Last night’s debate in the Lords may – for once – fully justify the plaudits we get from the fan club for “wise, eloquent and dispassionate” discussion, contrasting with the hurly-burly at the Commons end of the building.
The subject? “Constitutional Implications of Coalition Government” may not sound that enticing (please stifle that yawn!), but I invite you to take a closer look. For example, there were very thoughtful exchanges on the legitimacy of the increasingly multi-party nature of the Commons in recent decades. The Committee Report we were debating summed this up neatly: “trends in voting behaviour, with fewer votes for the two largest parties and an increasing number of MPs representing smaller parties, make it increasingly possible that hung parliaments will recur.” Former Cabinet Secretary Lord (Gus) O’Donnell reinforced the point.

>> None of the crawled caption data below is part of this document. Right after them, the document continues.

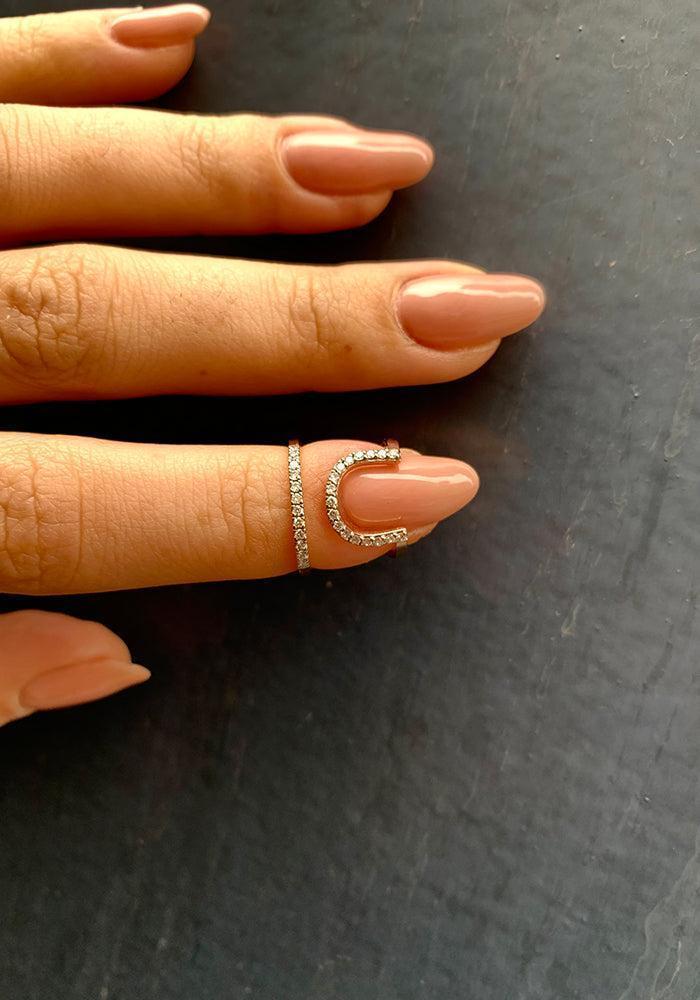 Bague d'Ongle Opensea Neal Ring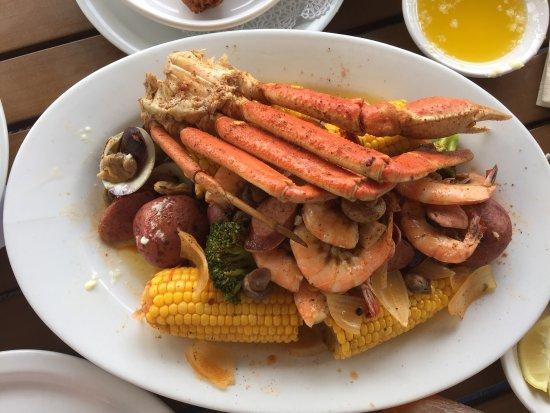 North Beach Fish Camp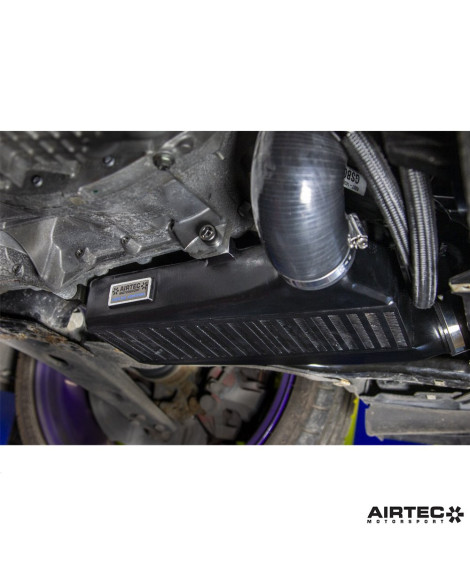 Ford Focus ST MK4 Airtec Motorsport Secondary Intercooler Ford Focus ST MK4 Airtec Motorsport Secondary Intercooler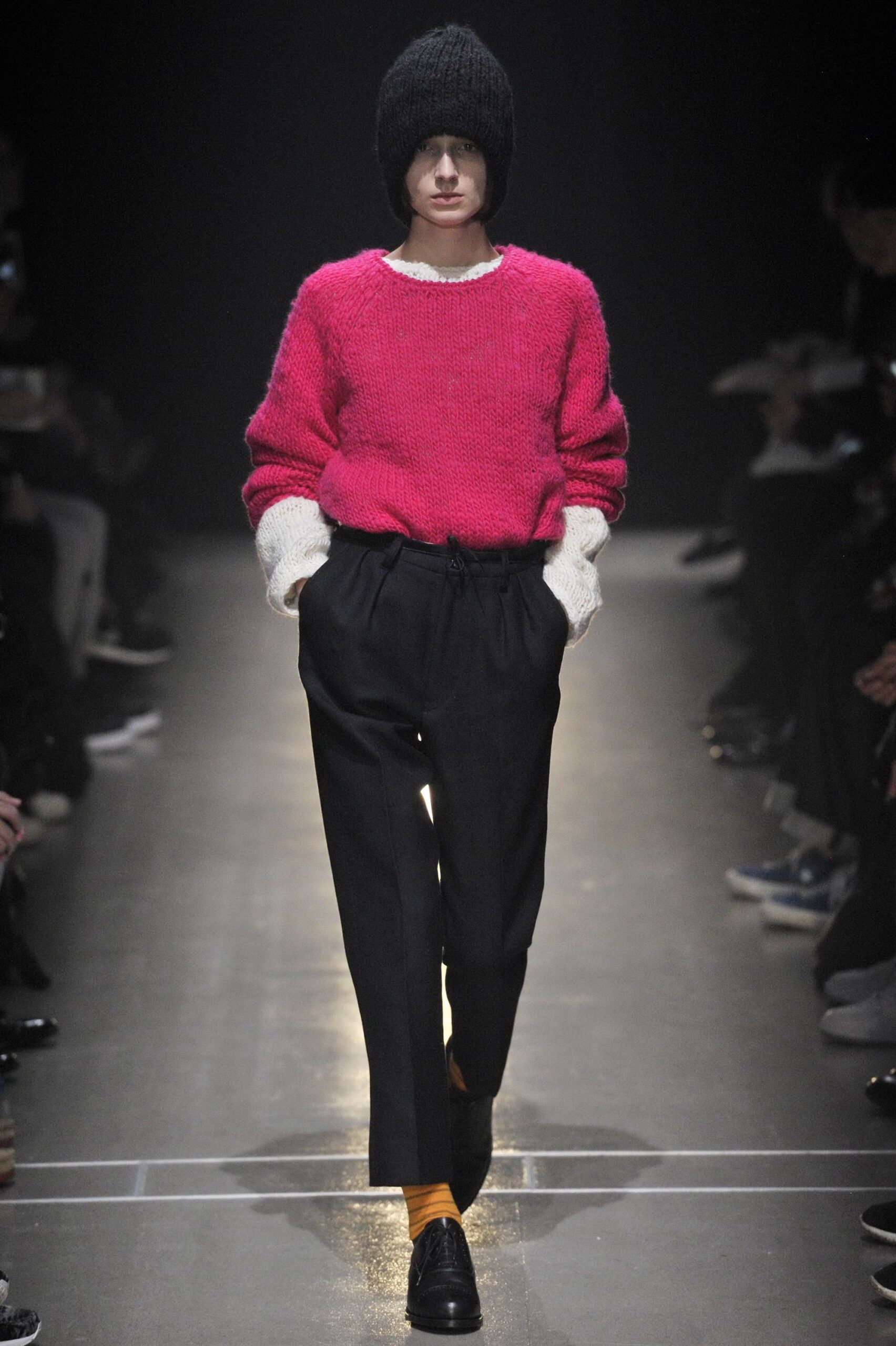 Name. Tokyo F/W 16 Look 6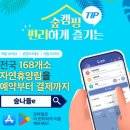 숲 나들이 야영장 이미지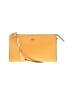 Tory Burch 100% Leather Yellow Leather Crossbody Bag One size - photo 1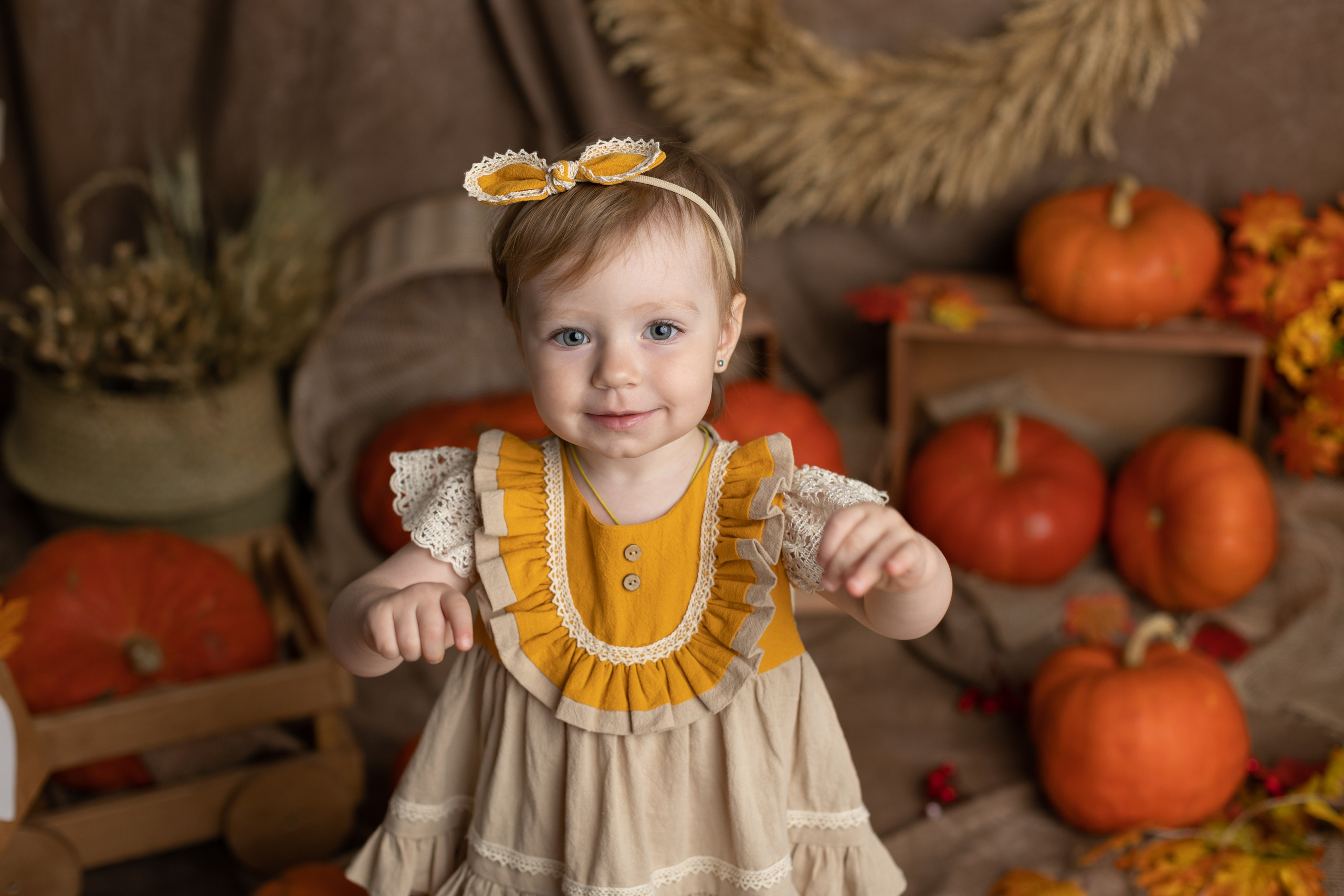 Осенний фотопроект. Фотограф новорожденных, детский фотограф в г. Оренбурге Екатерина Козлова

I observed that “this is the first peacetime majority Government since 1931. That is to say it is a Government whose MP supporters were elected by more than 50% of those who voted.” However, constitutional guru (Professor) Lord Norton of Louth took a different view: “The basic problem is that of a democratic deficit. Coalitions formed as the result of post-election bargaining lack the seal of electoral approval. Some argue that if party A gets 35% of the vote and party B gets 20%, then a coalition of the two parties enjoys the support of 55% of the electorate. It does not. It enjoys the definitive support of not one elector because nobody was given the opportunity to vote for A plus B.”
He was gently taken to task by the Minister Lord (William) Wallace – himself formerly a distinguished academic – who commented that there is a “difference between the Burkean view of parliamentary democracy and the populist view of popular democracy in which a general election is in effect a referendum to choose among the manifestos of the parties. I am for a parliamentary democracy; and in the British constitution as conventionally understood, it is Parliament that chooses the Government, and the Government rest on maintaining a majority in Parliament.
This may seem very remote from the day-to-day reality of people’s lives. But it does matter if, as Lord (Bernard) Donoughue clearly wished, politicians ignore what the public vote for and simply revert to single party government, even if it has the support of less than a third of the voters.
It is surely the job of Parliament to give life to what voters have instructed when there is an inconclusive result, by agreeing a government which can garner the support of a majority of the people’s representatives. That plainly occurred after the last election, and there is no reason to think it could and should not do so again.